In [1]:
import wfdb
import pandas as pd
import numpy as np
from pathos.multiprocessing import ProcessingPool as Pool
from sktime.classification.kernel_based import RocketClassifier
from sklearn.metrics import accuracy_score, roc_auc_score, f1_score

In [2]:
# root = '/Volumes/SanDisk SSD/physionet.org/files/mimic-iv-ecg/1.0/'

# split_csv = pd.read_csv(root + 'MIMIC-IV-ECG-Ext-Electrolytes/few_shot_splits/128shots/split1/Magnesium50960.csv')

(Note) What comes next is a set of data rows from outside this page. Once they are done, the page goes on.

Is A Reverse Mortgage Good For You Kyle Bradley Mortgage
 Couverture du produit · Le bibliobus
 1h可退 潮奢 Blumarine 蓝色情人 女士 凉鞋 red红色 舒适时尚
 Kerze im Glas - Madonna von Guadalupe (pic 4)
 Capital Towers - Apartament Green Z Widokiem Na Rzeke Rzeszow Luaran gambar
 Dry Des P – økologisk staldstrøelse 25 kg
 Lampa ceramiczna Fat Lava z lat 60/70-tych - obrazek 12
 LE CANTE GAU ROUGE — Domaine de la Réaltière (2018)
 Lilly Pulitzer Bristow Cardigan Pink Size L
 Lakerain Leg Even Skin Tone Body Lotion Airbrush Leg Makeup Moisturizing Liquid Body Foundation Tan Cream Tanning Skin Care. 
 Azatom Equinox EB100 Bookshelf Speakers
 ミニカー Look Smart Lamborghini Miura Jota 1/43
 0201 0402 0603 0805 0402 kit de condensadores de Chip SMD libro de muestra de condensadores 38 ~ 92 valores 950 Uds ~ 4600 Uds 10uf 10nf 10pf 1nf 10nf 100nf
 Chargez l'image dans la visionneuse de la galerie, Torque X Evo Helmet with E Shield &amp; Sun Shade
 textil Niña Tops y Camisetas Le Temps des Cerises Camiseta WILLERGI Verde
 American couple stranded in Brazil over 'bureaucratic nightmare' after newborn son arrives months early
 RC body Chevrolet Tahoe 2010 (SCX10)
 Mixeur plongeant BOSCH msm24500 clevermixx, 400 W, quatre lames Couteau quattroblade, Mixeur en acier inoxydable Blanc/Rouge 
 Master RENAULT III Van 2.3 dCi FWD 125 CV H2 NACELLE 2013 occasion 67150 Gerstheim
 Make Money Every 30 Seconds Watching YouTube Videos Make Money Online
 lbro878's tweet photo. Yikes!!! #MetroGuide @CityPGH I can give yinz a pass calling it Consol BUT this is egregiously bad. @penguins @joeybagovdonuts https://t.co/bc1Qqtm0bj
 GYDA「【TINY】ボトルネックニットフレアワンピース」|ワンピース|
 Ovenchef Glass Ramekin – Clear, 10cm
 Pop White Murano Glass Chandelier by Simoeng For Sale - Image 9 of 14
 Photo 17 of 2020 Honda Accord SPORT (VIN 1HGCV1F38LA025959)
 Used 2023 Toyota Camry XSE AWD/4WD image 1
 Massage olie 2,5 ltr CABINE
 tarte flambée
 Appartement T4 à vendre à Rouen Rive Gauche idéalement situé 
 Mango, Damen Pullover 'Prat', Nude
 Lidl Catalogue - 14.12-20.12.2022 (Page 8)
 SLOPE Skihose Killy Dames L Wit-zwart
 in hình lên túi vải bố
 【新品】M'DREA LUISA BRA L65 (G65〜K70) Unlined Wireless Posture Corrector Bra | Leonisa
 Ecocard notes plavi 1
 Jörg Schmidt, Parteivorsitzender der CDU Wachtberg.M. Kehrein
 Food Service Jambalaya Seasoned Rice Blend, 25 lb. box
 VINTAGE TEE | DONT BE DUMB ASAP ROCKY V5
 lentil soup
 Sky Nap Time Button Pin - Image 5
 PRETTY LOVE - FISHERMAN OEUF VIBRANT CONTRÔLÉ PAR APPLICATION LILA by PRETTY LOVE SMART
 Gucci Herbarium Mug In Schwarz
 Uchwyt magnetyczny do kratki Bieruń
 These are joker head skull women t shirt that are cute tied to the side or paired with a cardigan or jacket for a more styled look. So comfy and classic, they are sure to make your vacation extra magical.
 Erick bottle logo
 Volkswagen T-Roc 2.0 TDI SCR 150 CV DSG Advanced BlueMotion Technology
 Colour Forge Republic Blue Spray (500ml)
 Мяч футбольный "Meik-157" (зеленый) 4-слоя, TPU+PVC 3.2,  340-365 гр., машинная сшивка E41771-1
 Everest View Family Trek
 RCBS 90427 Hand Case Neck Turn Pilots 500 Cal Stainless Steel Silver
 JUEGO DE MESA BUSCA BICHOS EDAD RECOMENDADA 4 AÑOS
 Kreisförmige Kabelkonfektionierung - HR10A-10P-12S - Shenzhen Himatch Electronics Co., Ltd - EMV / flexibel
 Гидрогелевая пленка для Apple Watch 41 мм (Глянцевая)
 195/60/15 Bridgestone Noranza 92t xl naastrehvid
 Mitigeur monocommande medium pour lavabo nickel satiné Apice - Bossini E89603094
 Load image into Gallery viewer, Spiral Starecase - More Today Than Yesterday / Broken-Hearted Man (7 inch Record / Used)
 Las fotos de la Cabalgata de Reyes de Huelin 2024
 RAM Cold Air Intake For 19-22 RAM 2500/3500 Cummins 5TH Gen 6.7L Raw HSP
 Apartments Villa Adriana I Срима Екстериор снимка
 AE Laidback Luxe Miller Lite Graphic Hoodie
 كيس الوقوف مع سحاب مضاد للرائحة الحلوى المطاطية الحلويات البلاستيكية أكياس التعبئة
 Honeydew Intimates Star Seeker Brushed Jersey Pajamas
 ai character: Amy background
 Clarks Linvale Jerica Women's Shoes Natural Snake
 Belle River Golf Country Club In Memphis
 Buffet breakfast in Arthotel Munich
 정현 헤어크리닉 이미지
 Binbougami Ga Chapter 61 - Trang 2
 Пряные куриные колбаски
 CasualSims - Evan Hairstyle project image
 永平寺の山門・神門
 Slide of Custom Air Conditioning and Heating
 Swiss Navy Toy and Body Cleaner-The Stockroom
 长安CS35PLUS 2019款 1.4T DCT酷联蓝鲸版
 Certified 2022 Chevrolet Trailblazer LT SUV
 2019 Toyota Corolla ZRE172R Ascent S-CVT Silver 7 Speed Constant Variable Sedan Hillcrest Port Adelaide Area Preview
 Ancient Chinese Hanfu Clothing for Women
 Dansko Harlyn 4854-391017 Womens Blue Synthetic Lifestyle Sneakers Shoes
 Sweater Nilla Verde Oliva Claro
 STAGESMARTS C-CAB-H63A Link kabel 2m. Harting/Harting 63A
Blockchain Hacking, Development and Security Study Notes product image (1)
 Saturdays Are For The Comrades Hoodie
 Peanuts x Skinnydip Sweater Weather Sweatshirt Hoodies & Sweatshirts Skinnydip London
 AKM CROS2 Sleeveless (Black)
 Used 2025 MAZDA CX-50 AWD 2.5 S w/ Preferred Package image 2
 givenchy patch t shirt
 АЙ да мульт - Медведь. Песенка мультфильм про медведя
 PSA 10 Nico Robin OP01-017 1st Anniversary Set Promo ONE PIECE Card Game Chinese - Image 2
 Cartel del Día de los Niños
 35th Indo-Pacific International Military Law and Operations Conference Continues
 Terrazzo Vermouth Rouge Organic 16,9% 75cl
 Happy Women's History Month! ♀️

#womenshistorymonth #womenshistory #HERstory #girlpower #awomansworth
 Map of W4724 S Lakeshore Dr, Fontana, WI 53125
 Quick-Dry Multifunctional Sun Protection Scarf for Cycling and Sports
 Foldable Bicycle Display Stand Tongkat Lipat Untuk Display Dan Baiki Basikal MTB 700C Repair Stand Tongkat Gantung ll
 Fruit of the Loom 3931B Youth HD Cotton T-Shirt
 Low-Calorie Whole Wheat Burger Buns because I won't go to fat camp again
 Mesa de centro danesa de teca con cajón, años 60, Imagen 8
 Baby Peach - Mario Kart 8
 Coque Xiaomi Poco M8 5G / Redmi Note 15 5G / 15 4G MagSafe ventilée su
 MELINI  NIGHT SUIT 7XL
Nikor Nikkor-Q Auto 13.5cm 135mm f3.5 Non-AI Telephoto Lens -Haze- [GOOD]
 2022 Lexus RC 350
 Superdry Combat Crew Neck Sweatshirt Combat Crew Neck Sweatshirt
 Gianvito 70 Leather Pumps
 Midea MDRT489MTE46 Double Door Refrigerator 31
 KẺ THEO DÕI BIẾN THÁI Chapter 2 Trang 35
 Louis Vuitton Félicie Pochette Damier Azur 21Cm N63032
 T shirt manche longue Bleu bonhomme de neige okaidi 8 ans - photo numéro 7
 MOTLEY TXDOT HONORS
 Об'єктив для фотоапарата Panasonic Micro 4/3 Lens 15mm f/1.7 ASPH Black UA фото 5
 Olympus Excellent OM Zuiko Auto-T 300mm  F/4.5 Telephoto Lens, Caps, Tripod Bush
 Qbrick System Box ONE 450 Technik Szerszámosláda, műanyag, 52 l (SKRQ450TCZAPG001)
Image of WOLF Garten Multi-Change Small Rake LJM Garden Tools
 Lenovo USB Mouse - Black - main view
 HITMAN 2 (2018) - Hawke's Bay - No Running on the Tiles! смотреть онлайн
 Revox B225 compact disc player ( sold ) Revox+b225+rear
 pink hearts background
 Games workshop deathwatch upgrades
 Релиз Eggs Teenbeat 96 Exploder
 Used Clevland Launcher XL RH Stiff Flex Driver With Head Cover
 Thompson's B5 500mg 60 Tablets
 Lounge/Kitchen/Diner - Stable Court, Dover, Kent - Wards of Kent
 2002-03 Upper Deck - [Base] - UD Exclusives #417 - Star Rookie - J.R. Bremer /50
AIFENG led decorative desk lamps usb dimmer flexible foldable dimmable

# labels = pd.read_csv(root + 'MIMIC-IV-ECG-Ext-Electrolytes/mimiciv_ECGv1.1_hospV2.2_Magnesium50960.csv')

# train = []
# test = []
# val = []

# for index, row in split_csv.iterrows():
#     path = root + 'files/p' + f"{row['subject_id']}"[:4] + '/p' + f"{row['subject_id']}" + '/s' + f"{row['study_id']}"
    
#     signal, fields = wfdb.rdsamp(path + '/' + f"{row['study_id']}")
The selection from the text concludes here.